A poco più di un mese è la sede della corte d’appello del Tribunale di Messina ad ospitare i relatori dell’incontro dibattito “la legge contro il femminicidio”, moderatrice l’Avvocato Currò, al fine di mettere in luce gli aspetti più importanti del nuovo decreto legge.
In breve:
Vengono inasprite le pene nei casi in cui il delitto si consumi in presenza di minori o ai danni di donne in stato di gravidanza. Il reato è riconosciuto come tale ai danni del coniuge, anche divorziato o separato e nel caso in cui gli individui siano legati anche da semplice relazione affettiva. Previsti l’allontanamento dai luoghi familiari e l’utilizzo del fantomatico braccialetto elettronico.
Esteso ai delitti di maltrattamenti contro famigliari e conviventi il ventaglio delle ipotesi di arresto in flagranza.
Introdotto il rilascio del permesso di soggiorno a tutela delle vittime straniere.
Stanziati 10 milioni di euro al fine di finaziare un piano antiviolenza che prevede interventi di tipo formativo e informativo. Patrocinio gratuito per le vittime di violenze e mutilazioni genitali.
Uno dei punti più controversi del decreto è rappresentato dalla revoca della querela: da ora in poi irrevocabile per le minacce più gravi, revocabile nei casi di stalking più leggeri.
Pregevoli gli interventi del Sostituto Procuratore Antonella Fradà, il vice Questore aggiunto Rosalba Stramandino e della presidente del Forum Donne Giuriste, Giovanna Fava che intavola dichiarando:
“La risoluzione di un problema come quello della violenza di genere, è legato all’aspetto giuridico quanto a quello culturale, la vittima, lesa in quanto donna, al pari dell’uomo deve essere in grado di riconoscere che la violenza non è una possibilità! non è l’eventuale costante della vita di una donna, non deve succedere per forza, non va messa in conto.”

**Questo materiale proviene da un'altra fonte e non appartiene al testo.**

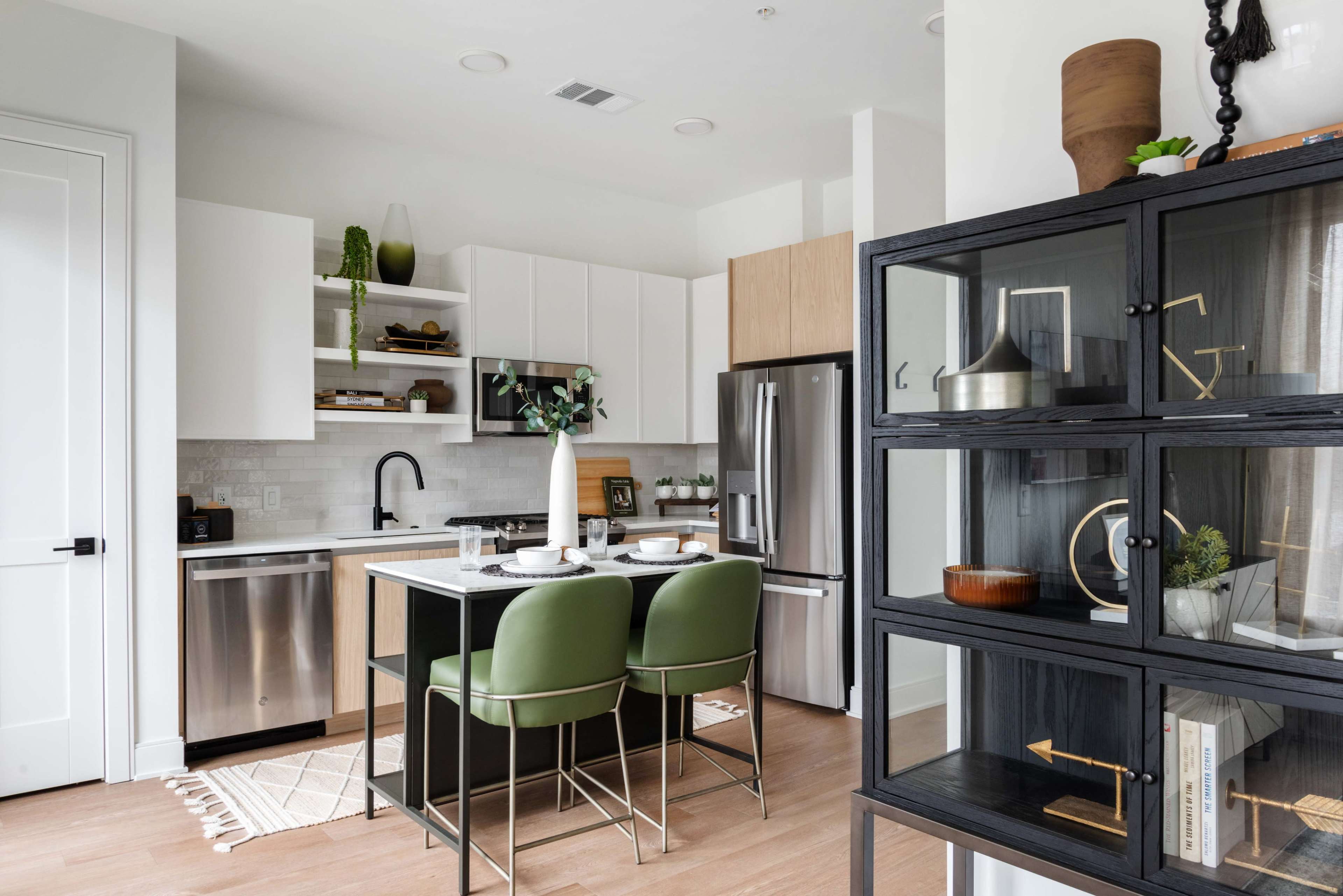 The image shows a modern kitchen with a central island, stainless steel appliances, white cabinetry, and a glass display cabinet in the foreground.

Secondo le indagini Istat, infatti una donna su tre, tra i 16 e i 70 anni è stata colpita, nell’arco della propria vita, dall’aggressività di un uomo. Di queste solo il 9% denuncia la violenza. Sono tantissimi i casi in cui le vittime, in silenzio, subiscono le violenze dei loro aguzzini. Sono affettuosi, benevoli premurosi all’inizio della relazione, poi, il più delle vote alla prima lite, scatta il meccanismo degli abusi, dei maltrattamenti, prima verbali, poi fisici e psicologici.
La violenza di genere o femminicidio reprime così ogni tentativo, reale o immaginario di sottrarsi al dominio assoluto del proprio compagno.
Secondo i dati emanati dal rapporto della Casa delle Donne di Bologna nei casi di abusi fisici, psicologici ed economici più del 35% delle vittime subisce da cinque a vent’anni, nell’82% dei casi davanti ai figli.
Ma perché il più delle volte la vittima non denuncia? Ancora una volta la parola all’Avvocato Currò.
“Principalmente per paura e per il terrore di rimanere sola senza reddito, problema diffuso maggiormente nelle aree in cui le donne hanno meno accesso all’autonomia e al lavoro. E poi perché nel 55% dei casi i familiari non si accorgono o non la supportano. Mi sono occupata di tante situazioni e posso affermare con certezza che nei casi in cui la famiglia è stata accanto e ha sostenuto la battaglia con la donna, quest’ultima ne ha tratto forza come si trae forza da qualsiasi contesto solidale, vincendo la propria battaglia. Purtroppo o per fortuna, nella maggior parte dei casi, il nostro centro si è occupto proprio di situazioni in cui le donne si ritrovano sole e allora il loro contesto solidale siamo noi.”
Cito.
“I diritti delle donne sono una responsabilità di tutto il genere umano; lottare contro ogni forma di violenza nei confronti delle donne è un obbligo dell’umanità; il rafforzamento del potere di azione delle donne significa il progresso di tutta l’umanità.”